Indeed a cost/benefit analysis of the paradigm would be ludicrously tilted in favour of massive costs and virtually no benefit to talk about. For example, in the last two years 109 senators have, by some estimates, received a mind-boggling N56 billion in salaries and allowances. In the same period they have managed to pass just 15 bills. Absurdly, this works out at (please don't laugh) N4 billion per bill! Not to be outdone in the indolence sweepstakes, less than 26 per cent of members of the Federal House of Representatives have sponsored at least one bill since their inauguration on the 5th of June, 2007. These members enjoy emoluments which will make their counterparts anywhere else green with envy. Each member of the House of Representatives, in line with the current remuneration package prepared by the RMAFC, takes home N1,985,212.50 and an astonishing N29,280,684,22 as allowances annually.
These allowances include appurtenances of office unheard of in more serious climes. There are allowances for accommodation, vehicle loan, furniture, ward robe, vehicle maintenance, entertainment, recess, constituency, personal assistants and so forth. The less said about the remuneration of the house leadership the better.. To go into this area in detail might tempt, for example, the Speaker of the United States House of Representatives Nancy Pelosi to want to take up Nigerian nationality and seek an entrÈe into the House. The litmus test of patriotism will of course come when the assembly will be asked to pass the inadequate RMAFC-proposed downward review. The public waits to see whether self-serving considerations will as usual override the nation's interest.
To say the Commission's recommendations are grossly inadequate is to grotesquely understate the case. Fr example, the over-worked Speaker of the Federal House will now have to do with six cars instead of seven. This, as we all know, represents a great sacrifice for the advancement of the fatherland. Nigerians are also reported to be shedding bucketfuls of tears for the hard-pressed Senate President who will also have to make do with six cars, down from eight. Other 'sacrifices' include cuts in the senators' constituency allowance from 250% to 125%. That of the reps goes down from 150% to 75%. Accommodation/furniture allowances for local governments are to be 'cut' by over 50%.

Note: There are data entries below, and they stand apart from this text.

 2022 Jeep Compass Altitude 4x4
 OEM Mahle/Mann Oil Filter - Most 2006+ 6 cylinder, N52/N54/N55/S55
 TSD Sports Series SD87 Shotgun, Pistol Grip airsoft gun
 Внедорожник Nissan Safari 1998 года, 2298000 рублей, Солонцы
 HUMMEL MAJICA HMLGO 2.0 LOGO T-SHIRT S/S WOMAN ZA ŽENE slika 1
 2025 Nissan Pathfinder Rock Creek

From the RMAFC's proposal we can now fully understand why after ten years of return to civil rule there has been no worthwhile dividend of democracy. A whopping N1.3 trillion is expended on roughly about 19,000 political jobbers, with the local governments, most of which are immersed in parasitic activities rather than grassroots empowerment, cornering a whooping 53%. A country which indulges itself in this sort of reward structure in favour of the indolent can hardly move forward in a decisive development-enhancing manner. When other sectors ask for massive increases in wages, the political class can hardly raise any objection. They have set a negative example.
It has, of course, not always been like this. For there was a period when the country was much saner. For instance, in the early 1960s a professor at the University of Ibadan earned more than a Federal Minister. Since then it has been a downward spiral into a lopsided and utterly reprehensible system of reward allocation, with predictably disastrous results. The food for thought here should be why the countries making giant strides do not have this ludicrous sort of reward system. Pray, how many cars are allocated to the speaker of the Lok Sabha (India's House of Representatives)? What are the parliamentary allowances allocated to law makers in the rapidly developing BRIC countries - Brazil, Russia, India, China? How about South Africa, Malaysia, Thailand, Ghana, Singapore and so forth?

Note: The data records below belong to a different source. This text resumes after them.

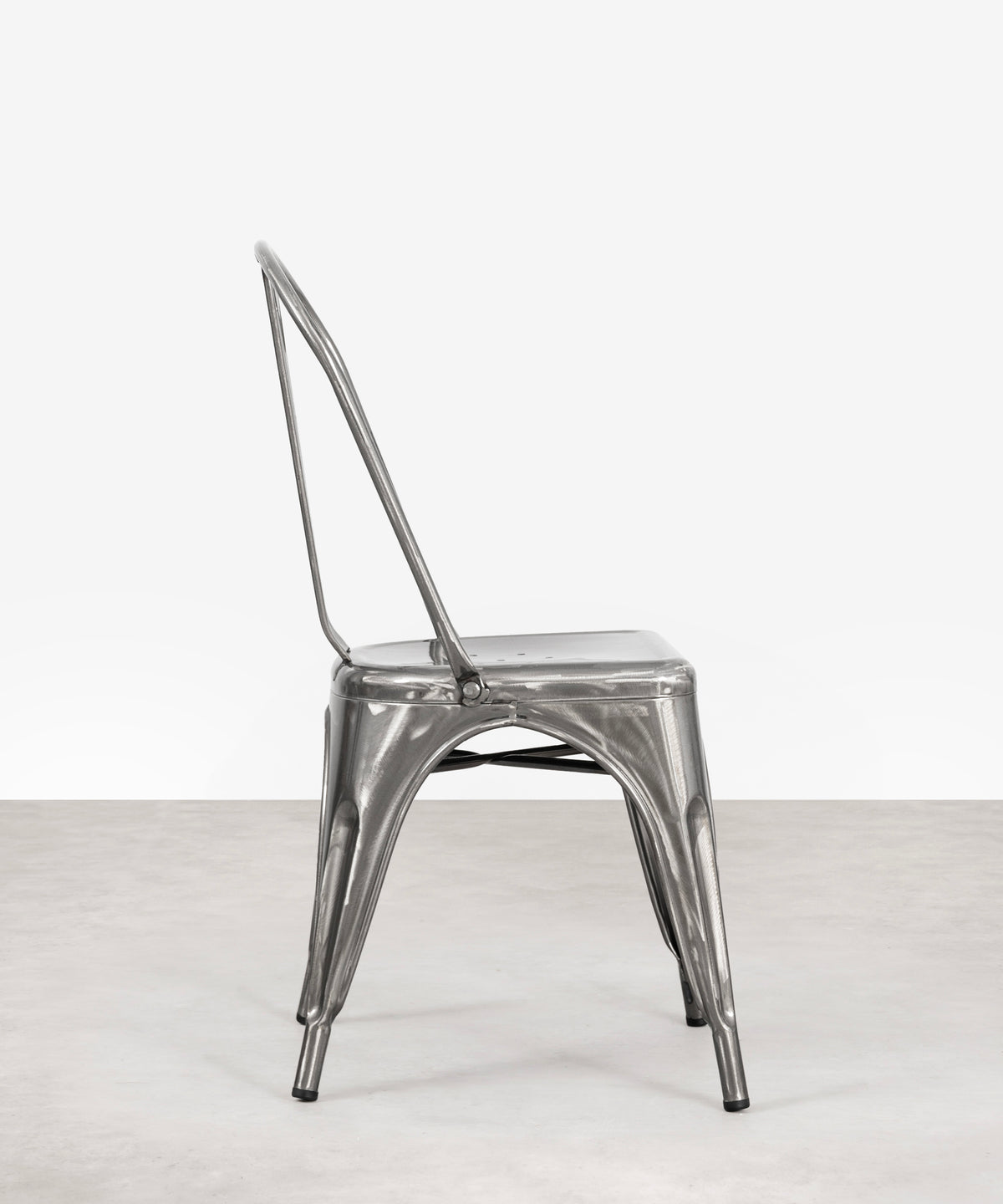 Silla de Metal Tolik - Polish Edition Sillas Metálicas Northdeco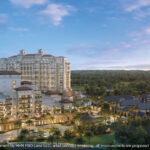 En 2025, Golden Oak de Disney vuelve a liderar el mercado de viviendas de lujo de Orlando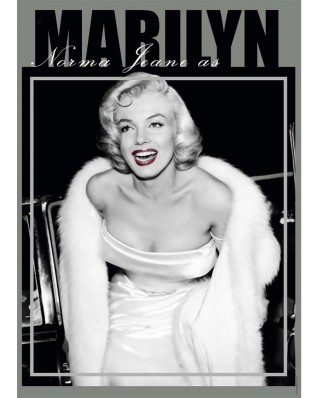 Puzzle Nathan - Marilyn Monroe, 1000 piese (62549)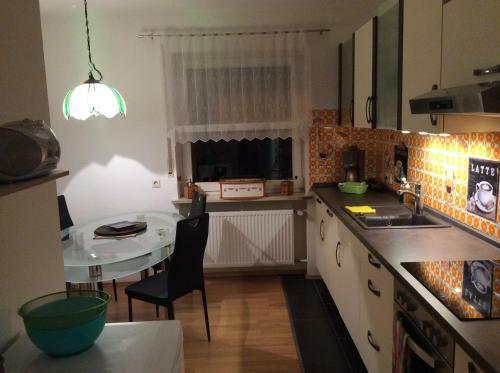 Apartamento Ferienwohnung Susanna Kulmbach-burghaig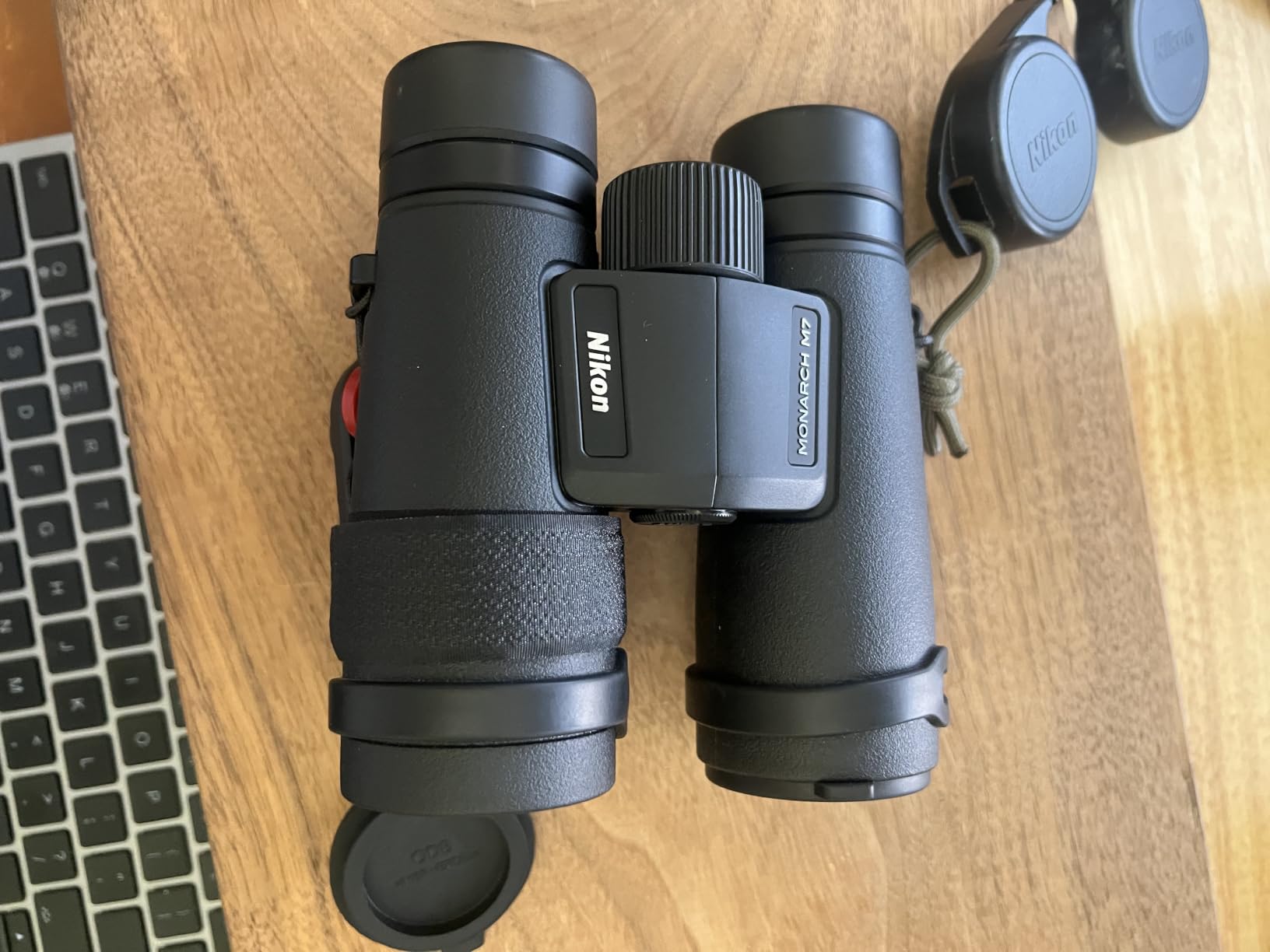 Nikon MONARCH M7 10x42 Binocular | Waterproof, Fogproof, Rubber-Armored, ED Glass, Wide Field of View | Official Nikon USA Model customer photo 2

There is nothing to applaud in the RMAFC's recommendations. It is far too little, too late. What is needed today is not headline-grabbing tokenism but a drastic and holist reduction in the cost of the the machinery of government. The rot has so percolated downwards that the simple matter of electoral contests has not surprisingly degenerated into "do or die" war fare. It can hardly be otherwise with what is at stake. The return on an investment in public office is obscenely stupendous. What we are seeing here is a polity that has learnt nothing and forgotten everything! No appreciable forward movement will come from this distortion. Cry, the beloved country!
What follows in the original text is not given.